I am a fourth year Pharmacy student at the University of Wolverhampton and I am conducting research with the aim of improving the knowledge of Rituximab use for cancer indications outside the UK and to investigate the opinions of non UK-based oncology/haematology pharmacists on it's use.

If you have any queries regarding the research or wish to withdraw your response please do not hesitate to contact me via email. My email address is [email protected]. Alternatively, you may contact my project supervisor (Bruce Burnett) via email at [email protected].

The following information will contextualise the research and includes information regarding the research background and aims and also your role if you choose to participate in this research.

Research background and aims
Rituximab is a widely used chimeric monoclonal antibody and in clinical practise it is administered according to infusion schedules or protocols. The summary of product characteristics (SPC) outlines the manufacturer’s recommended infusion protocol on which the licence is based. The SPC’s first infusion protocol is typically over 5 – 6 hours and for subsequent infusions is reported to be up to 4 hours.

A recent literature review found the SPC first infusion protocol is utilised for the first Rituximab infusion in cancer patients and should a significant first infusion reaction not occur some centres offer rapid infusion over 90 or 60 minutes. Therefore the current evidence base suggests there are multiple protocols in practise for second and subsequent Rituximab infusions; the manufacturer’s protocol as defined in the SPC and rapid administration policies over 60 and 90 minutes. These rapid infusion protocols are unlike the SPC’s administration policy and therefore considered off-label/ off license/unlicensed use of Rituximab.

This research project aims to determine which infusion protocol is most widely used in non-UK countries for second and subsequent infusion protocols in cancer patients without significant first infusion reactions. This research also aims to investigate the opinion of oncology/haematology pharmacists as the specialists in this area to ascertain the level of support for these new rapid infusion protocols.
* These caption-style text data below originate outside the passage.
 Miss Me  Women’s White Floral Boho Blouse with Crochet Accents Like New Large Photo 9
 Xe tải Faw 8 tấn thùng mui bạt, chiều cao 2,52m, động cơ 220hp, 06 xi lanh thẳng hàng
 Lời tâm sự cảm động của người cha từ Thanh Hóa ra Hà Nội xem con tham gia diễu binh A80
Benefits and value of this research
This research will improve insight and awareness of clinical practise and the administration policies for Rituximab in non-UK oncology centres for cancer indications. Also, this research will give insight on the opinions of non-UK based oncology/haematology pharmacists regarding rapid infusion protocols as there is no previous research.

How the research will be carried out
The research will be conducted by contacting non-UK based oncology/haematology pharmacists. Their responses will be collected using online questionnaires available through Survey Monkey. The questions will relate to your institutions Rituximab administration policy for first infusions and those following. There will also be questions regarding your opinion of Rituximab infusion protocols in practise.

How the results be used and published
All collected questionnaire responses will be analysed independently and the data extracted. The results will be the core of my final dissertation project’s written paper and will be presented to members of the University of Wolverhampton faculty, including project supervisor - Bruce Burnett.

The participant’s role
All non-UK oncology/haematology pharmacists participating in this study will be asked to complete an online questionnaire hosted by Survey Monkey.

Anonymity, confidentially and foreseeable risks
Questionnaire responses will be kept securely on a password protected USB which will be accessed by the researcher alone. As of yet there are no foreseeable risks from taking part in this research project.

Details of how information will be held and disposed of
All responses will be accessible and analysed by the researcher alone and stored on a password protected USB. Within 6 months of completing of the research project the USB will be formatted to remove all collected data.